## Supplied material:
══════════════════════════════

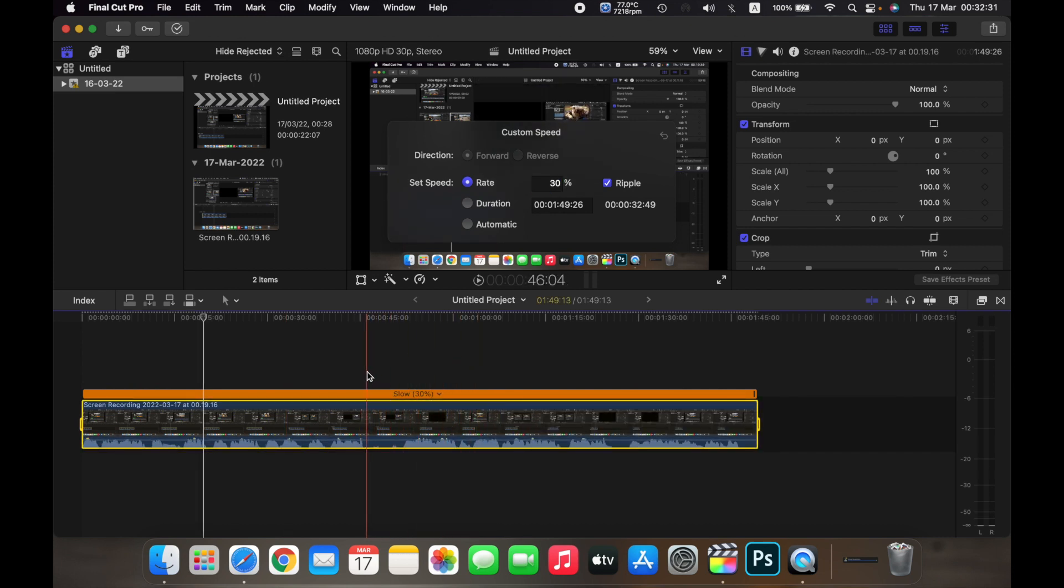So that is how you decrease the speed of a clip on Final Cut Pro. Thank you.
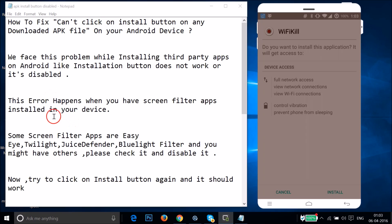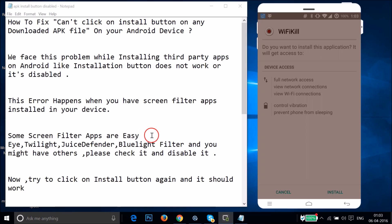This error happens when you have screen filter apps installed in your device. Some screen filter apps are Easy Eye, Twilight, Juice Defender, Blue Light Filter and you might have others. Please check it and disable it.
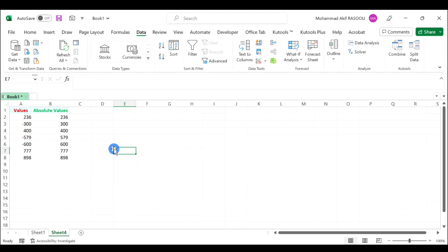As you can see, the data is sorted. After getting the sorted result, you can delete the helper column as you want.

══════════════════════════════

## Work instruction:
Set down again, exactly, the lines from the one with "This error happens" to the last line of the data, both included and pictures excluded.

## Solution to this exercise:
This error happens when you have screen filter apps installed in your device. Some screen filter apps are Easy Eye, Twilight, Juice Defender, Blue Light Filter and you might have others. Please check it and disable it.
As you can see, the data is sorted. After getting the sorted result, you can delete the helper column as you want.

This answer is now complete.